Modern East Asian Literature Research Cluster presents

Emerging Research on Modern East Asian Literature

 

The Politics of Art in Contemporary Korean Fiction

 

Speaker: Chris Hanscom

Professor | Department of Asian Languages and Cultures | UCLA

 

Moderator: Su Yun Kim

Associate Professor | Korean Studies | The University of Hong Kong

 

DATE: 21 FEB 2025 (FRI) 4:30–6:00 pm (HKT)
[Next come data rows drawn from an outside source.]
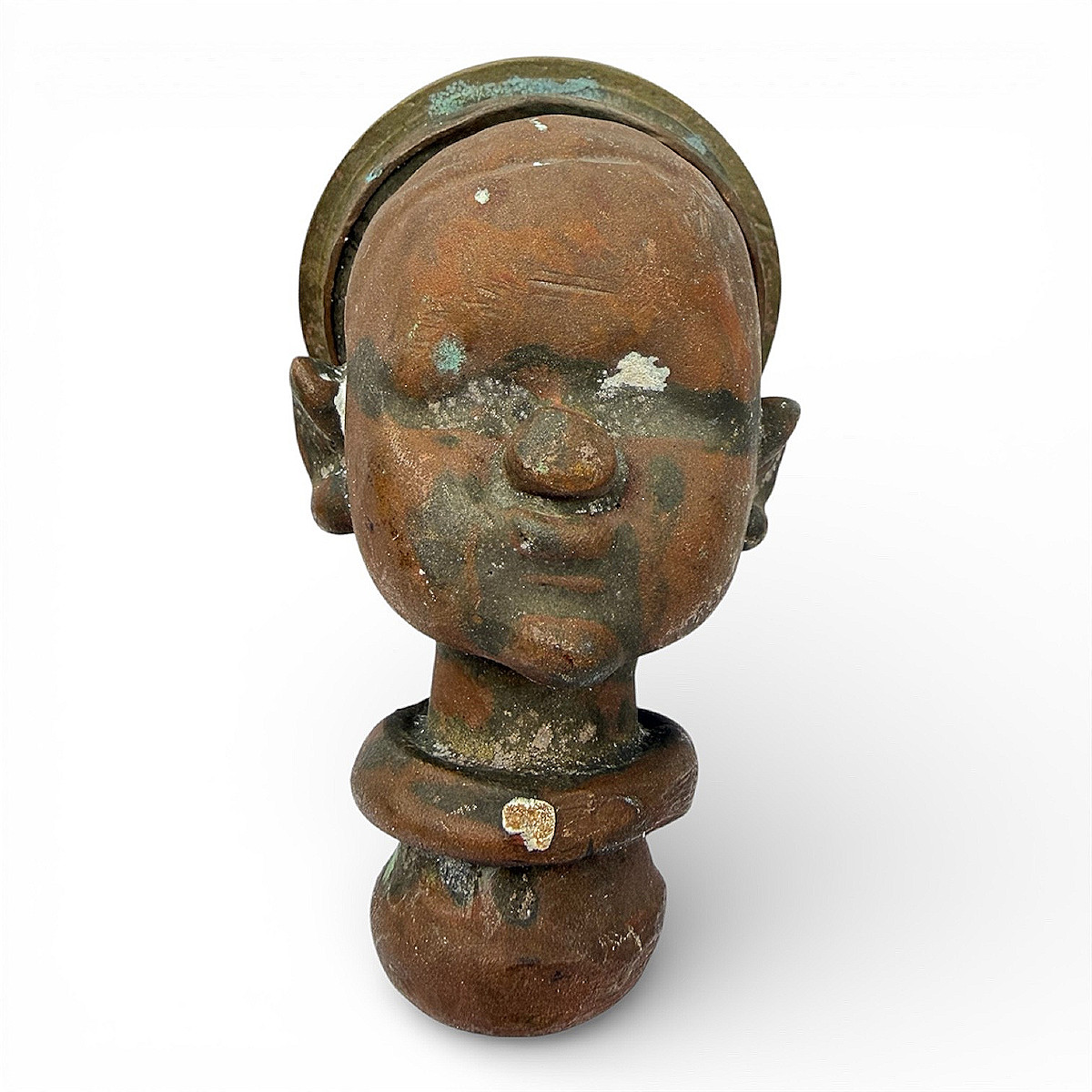 Moule de tête de poupée BELLA en Bronze – Objet de Curiosité – Vers 1970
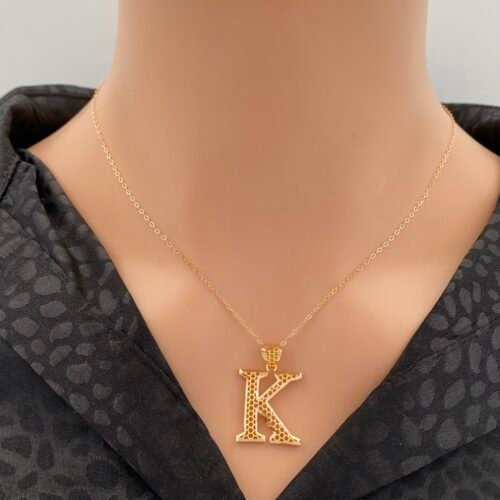 عقد حرف K ذهب عيار 21 الوزن 1.84 جرام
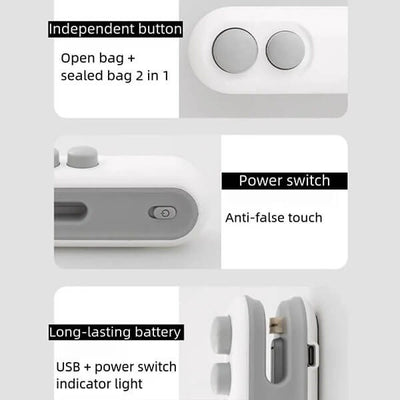 Upgraded Mini Bag Sealer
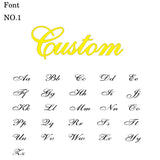 Stainless Steel Necklace High Pendant Non-Fading Name Minimalist Chain for Kids
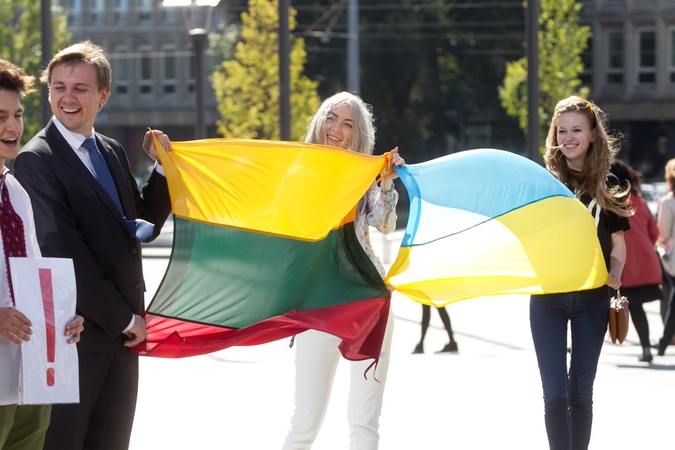 L. Graužinienė Ukrainoje atidarė „Lietuvos dienas“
VENUE: Room 436, 4/F, Run Run Shaw Tower, HKU

REGISTRATION:

 

Using examples from fiction and photography this talk will explore the relationship between art and politics, particularly regarding the aesthetic representation of atrocity. What kind of remembering is adequate to the traumatic event, and can how the representation of such memory avoid both the cycle of endless melancholic return and the forgetting that accompanies the “memorization” of that past? Where politics is defined as the struggle over the propriety of language, it is the work of art, not the archival document, that stands at the juncture of the imperative to remember and the prohibition against making sense of the inexplicable.

 

Chris Hanscom is a professor in the Department of Asian Languages and Cultures at UCLA, where he teaches courses on Korean literature and film and is director of the UCLA Korean Humanities Initiative.

 

The series is coordinated by Prof. Su Yun Kim (suyunkim@hku.hk), Prof. Pei-yin Lin (pylin@hku.hk), and Prof. Alvin Wong (akhwong@hku.hk), and is supported by the School of Chinese, School of Humanities, and School of Modern Languages and Cultures.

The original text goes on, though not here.